• _RECORDS PROVIDED_:
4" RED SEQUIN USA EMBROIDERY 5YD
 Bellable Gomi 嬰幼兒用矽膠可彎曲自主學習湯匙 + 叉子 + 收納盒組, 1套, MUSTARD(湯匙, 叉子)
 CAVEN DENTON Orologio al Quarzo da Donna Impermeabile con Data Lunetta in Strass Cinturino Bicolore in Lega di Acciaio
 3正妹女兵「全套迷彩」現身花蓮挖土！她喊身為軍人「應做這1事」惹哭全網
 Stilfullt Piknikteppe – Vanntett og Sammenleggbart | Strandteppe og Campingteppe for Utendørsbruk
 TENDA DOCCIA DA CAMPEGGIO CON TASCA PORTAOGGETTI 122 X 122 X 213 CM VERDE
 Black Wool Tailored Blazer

• _PROBLEM_: Provide a faithful, complete copy of the entries above.

• _PROBLEM SOLUTION_:
4" RED SEQUIN USA EMBROIDERY 5YD
 Bellable Gomi 嬰幼兒用矽膠可彎曲自主學習湯匙 + 叉子 + 收納盒組, 1套, MUSTARD(湯匙, 叉子)
 CAVEN DENTON Orologio al Quarzo da Donna Impermeabile con Data Lunetta in Strass Cinturino Bicolore in Lega di Acciaio
 3正妹女兵「全套迷彩」現身花蓮挖土！她喊身為軍人「應做這1事」惹哭全網
 Stilfullt Piknikteppe – Vanntett og Sammenleggbart | Strandteppe og Campingteppe for Utendørsbruk
 TENDA DOCCIA DA CAMPEGGIO CON TASCA PORTAOGGETTI 122 X 122 X 213 CM VERDE
 Black Wool Tailored Blazer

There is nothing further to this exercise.